Trademark Law Outline

Trademark Law Outline

By: Samuel A. Houghton, Esq.


How do I trademark my brand?

  • Search to be sure there are no other products or services that are likely to confuse the customers. Use TESS, Design Search Code Manager, and also search for unregistered marks.
  • Use it. – Sell the product or advertise the service with the exact brand that you plan to trademark.
  • Register – Using TEAS online at the USPTO site.
  • International Trademark

What prerequisites must a mark satisfy in order to serve as a trademark?

  • In order to serve as a trademark, a mark must be distinctive — that is, it must be capable of identifying the source of a particular good or service. In determining whether a mark is distinctive, the courts group marks into four categories, based on the relationship between the mark and the underlying product:
    • Descriptive (not inherently distinctive) – needs “secondary meaning” to be accepted. Example: Holiday Inn.  To determine whether secondary meaning exists, courts look at the following:


      1. the amount and manner of advertising;
      2. the volume of sales;
      3. the length and manner of the term’s use;
      4. results of consumer surveys

    • Suggestive (inherently distinctive) – Suggestive of an underlying good. Example: Coppertone.
    • Arbitrary or fanciful (inherently distinctive) – Bears no logical relationship to the underlying product. Example: Adidas.
    • Generic (not distinctive) – Example: Printer.


How different does my trademark have to be, compared with others?

(Answer from USPTO)

After an application is filed, the assigned examining attorney will search the USPTO records to determine if a conflict, i.e., a likelihood of confusion, exists between the mark in the application and another mark that is registered or pending in the USPTO. The USPTO will not provide any preliminary search for conflicting marks before an applicant files an application. The principal factors considered by the examining attorney in determining whether there would be a likelihood of confusion are:


  1. the similarity of the marks; and
  2. the commercial relationship between the goods and/or services listed in the application.

To find a conflict, the marks do not have to be identical, and the goods and/or services do not have to be the same. It may be enough that the marks are similar and the goods and/or services related.

If a conflict exists between your mark and a registered mark, the examining attorney will refuse registration on the ground of likelihood of confusion. If a conflict exists between your mark and a mark in a pending application that was filed before your application, the examining attorney will notify you of the potential conflict. If the earlier-filed application registers, the Examining Attorney will refuse registration of your mark on the ground of likelihood of confusion.

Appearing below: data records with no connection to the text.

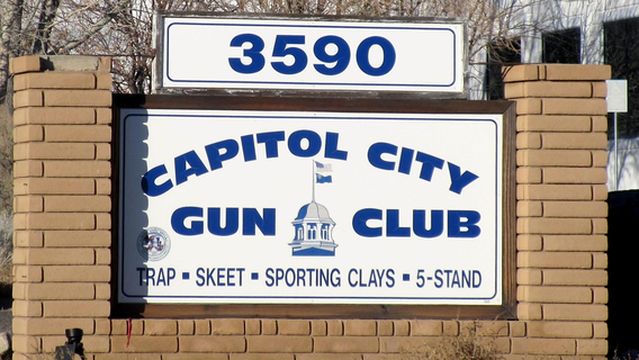 Capitol City Gun Club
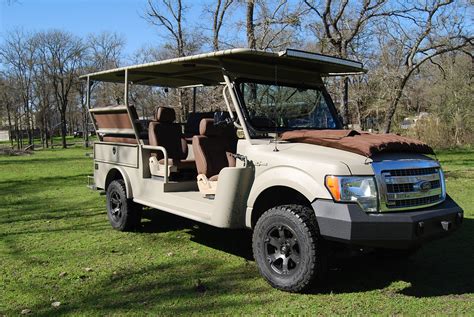 Hunting Vehicles Archives Twilight Metalworks Custom Hunting Rigs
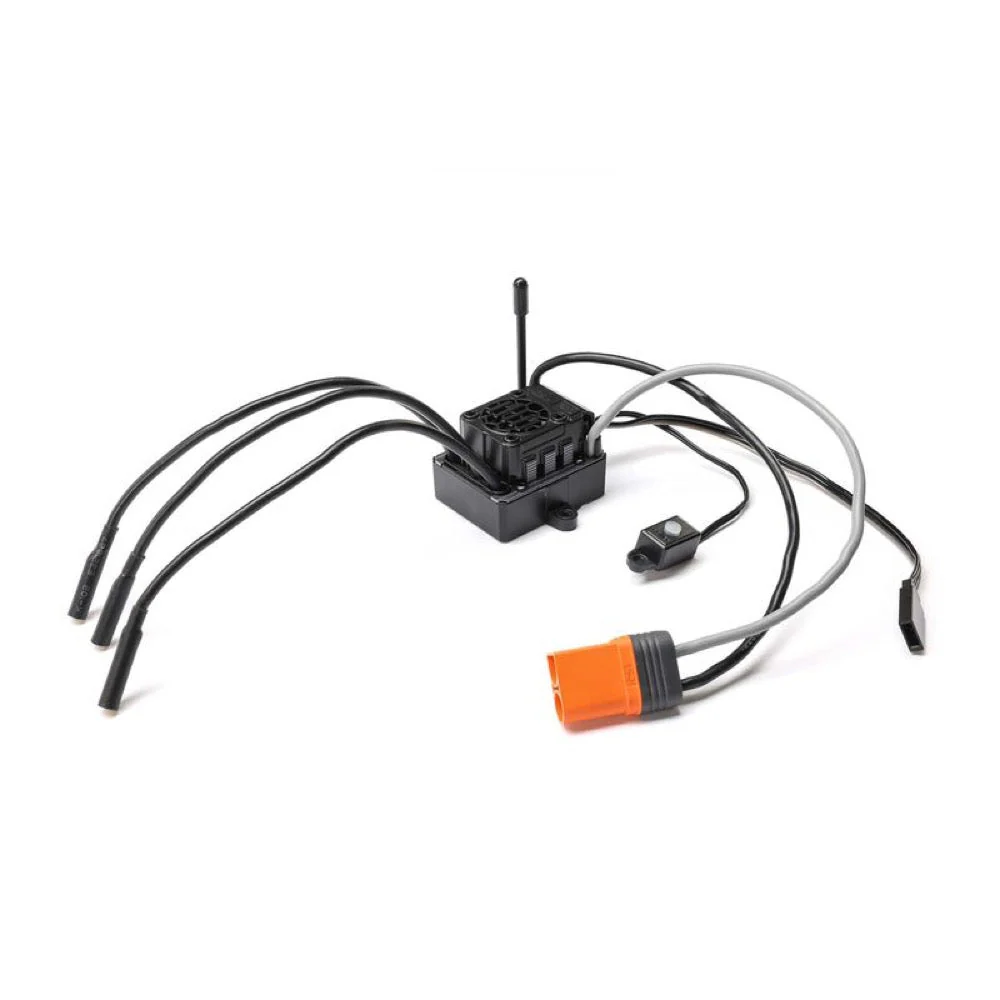 Spektrum SPMXSE4510RX SLT 45A Brushless ESC and RX Combo Fury 223S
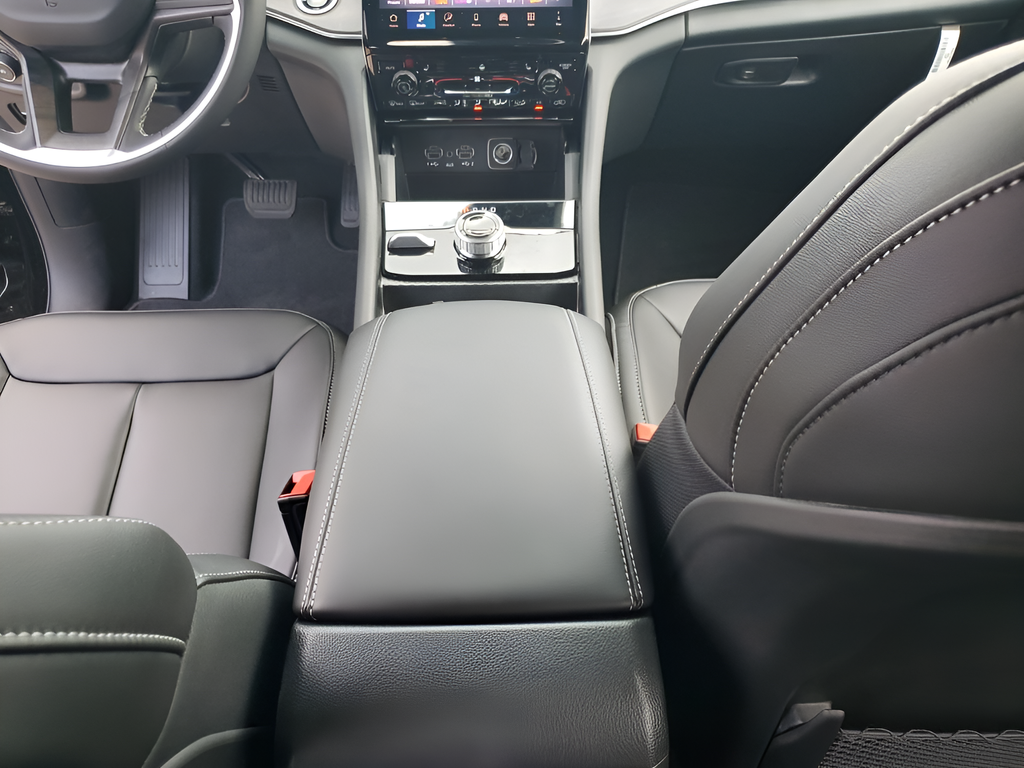 New Car 2025 Jeep Grand Cherokee  Limited For Sale Under $50,000 In Austin, Texas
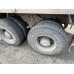 SITRAK C7H 8x4 Автобетоносмеситель ZZ5316GJBV306ME (Дизельный, 10,5 л, 441 л.с., МТ)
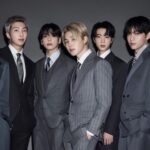 These are all BTS' new album 'ARIRANG' critic reviews so far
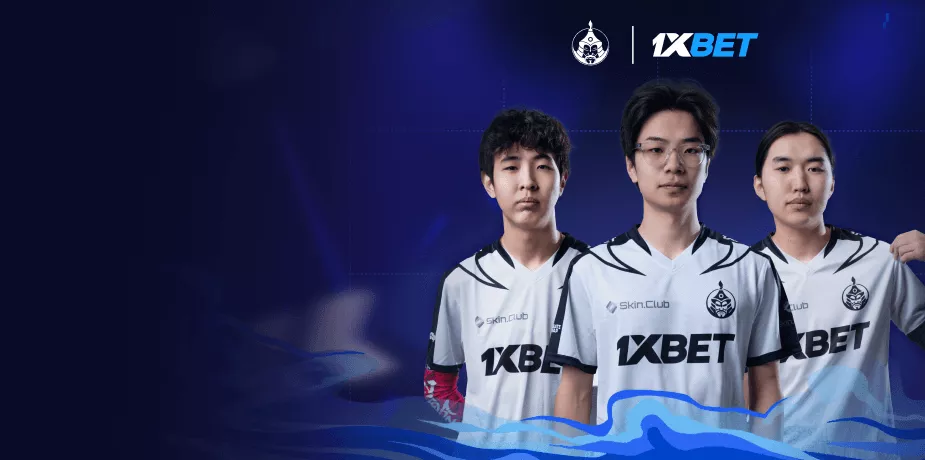 1xbet Fin tastic Slots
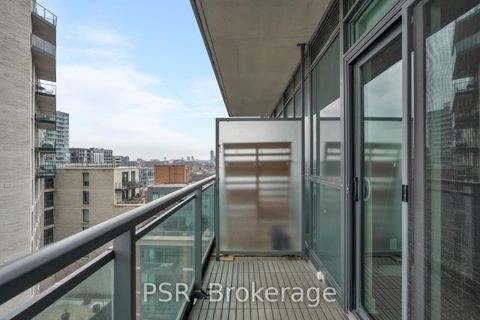 Photo 25 at 1001 - 1171 Queen Street W, Little Portugal, Toronto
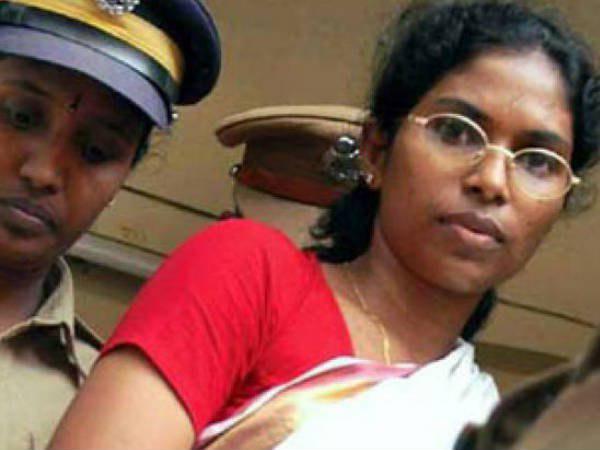 കുറ്റക്കാർ...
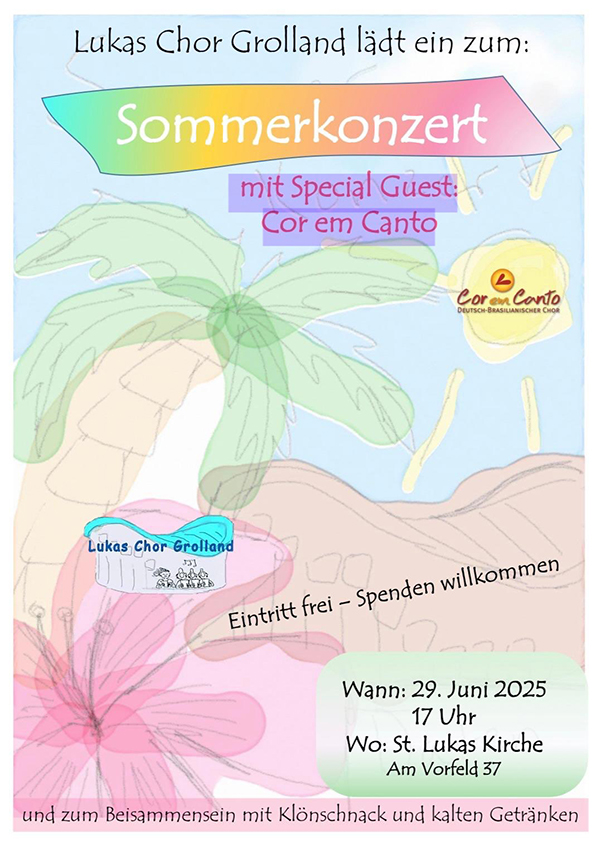 sommerkonzert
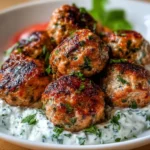 Cozy Greek Turkey Meatballs with Tzatziki 3 greek turkey meatballs with tzatziki 2025 10 11 194235 150x150 1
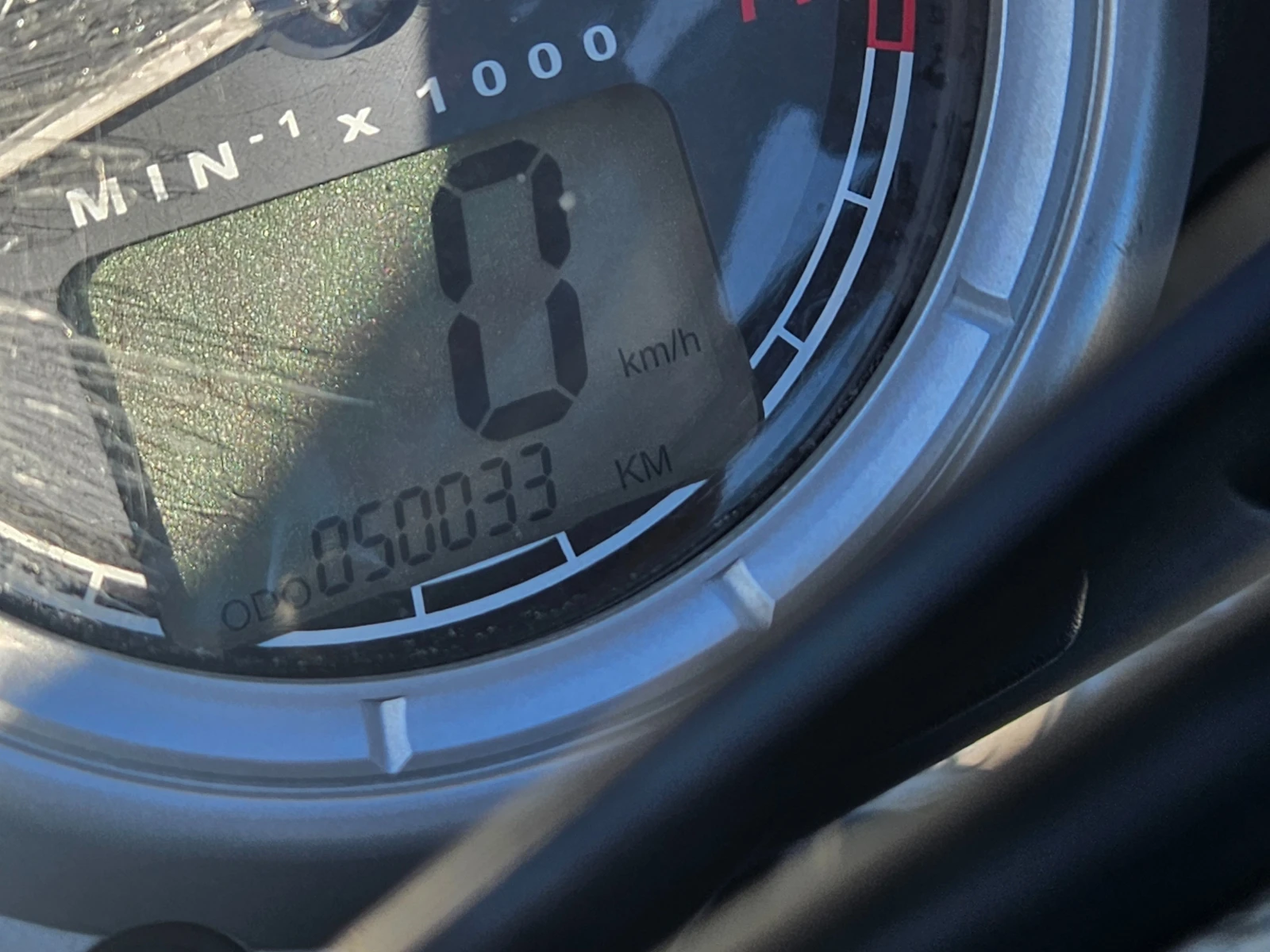 Triumph Street Triple   | Mobile.bg   11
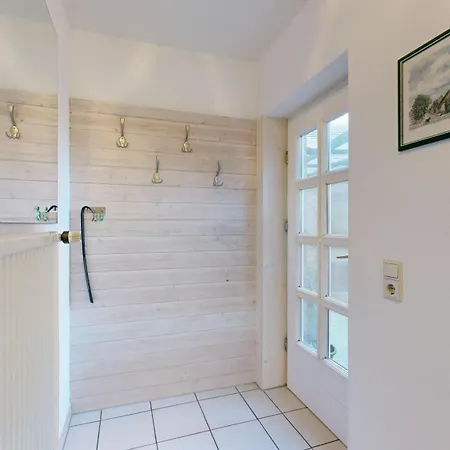 Fischerhaus Holiday home *
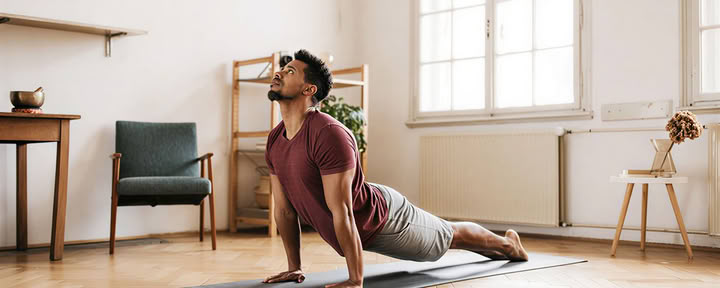 Core Movement Workshop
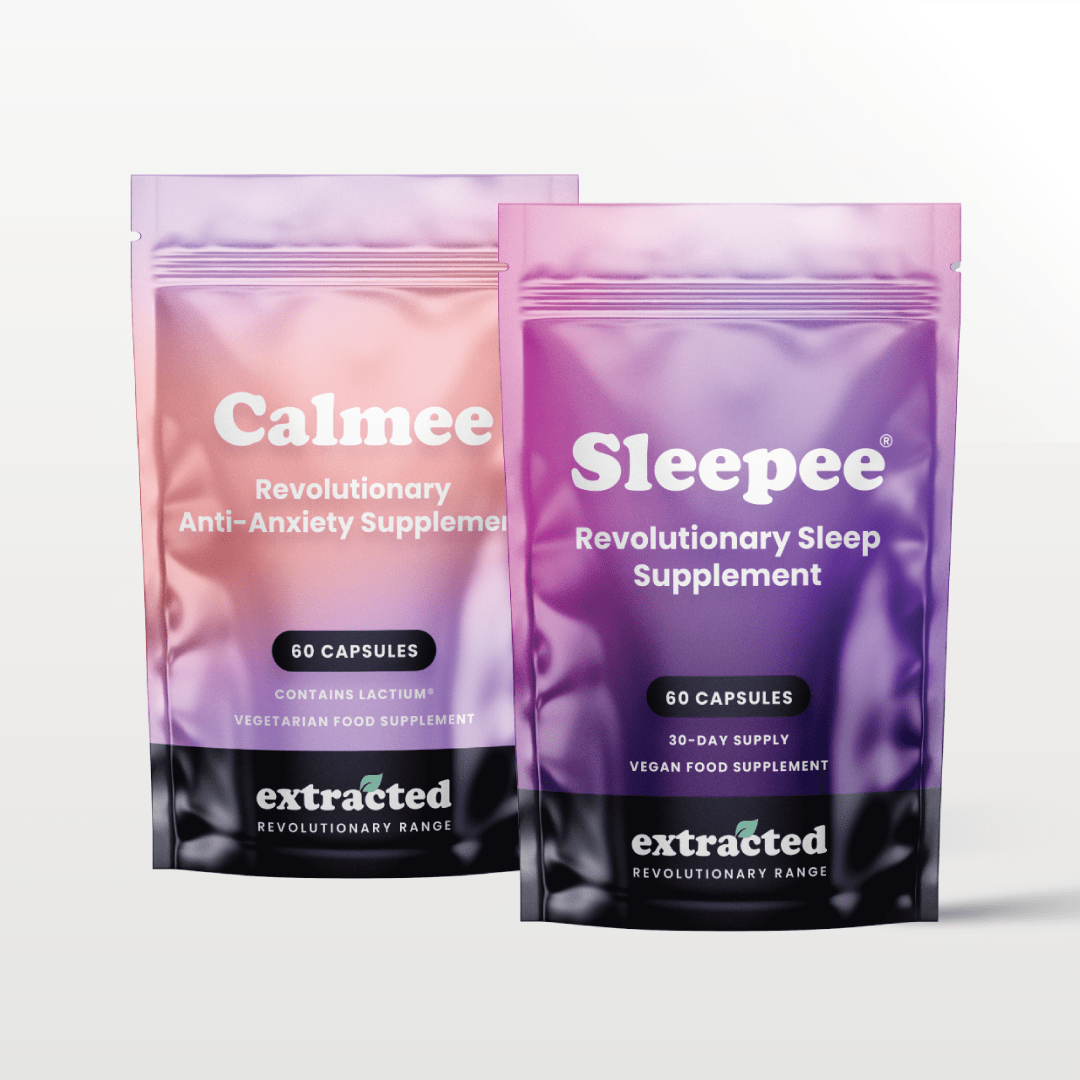 The Rest & Relax Bundle - Extracted®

How do you acquire rights in a trademark?

You acquire rights in a trademark by being the first to use the trademark or by filing an intent to use trademark with the PTO. Use of the mark gives you priority to sell a particular product or service with a particular mark.  The priority is limited, however, to the geographic area in which the products or services are sold, along with any expected areas of expansion.   One benefit to registering the trademark is that it gives the party the right to use the mark nationwide, even if actual sales are limited to only a limited area. This right is limited, however, to the extent that the mark is already being used by others within a specific geographic area.


Benefits to registering a trademark?

  • Right to use the mark nationwide, subject to the limitations noted above.
  • Registration constitutes nationwide constructive notice to others that the trademark is owned by the party.
  • Registration enables a party to bring an infringement suit in federal court.
  • Registration allows a party to potentially recover treble damages, attorneys’ fees, and other remedies.
  • Registered trademarks can, after five years, become “incontestable,” at which point the exclusive right to use the mark is conclusively established.


How can trademark rights be lost?

  • Abandonment – when its use is discontinued with an intent not to resume its use. 3 years of non-use is prima facie abandonment.
  • Improper licensing or assignment – when a trademark is licensed without adequate quality control or assigned to another party without the additional assignment of assets.
  • Genericity – This happens when the minds of a substantial majority of the public think that the word denotes a type of products. Example: Aspirin.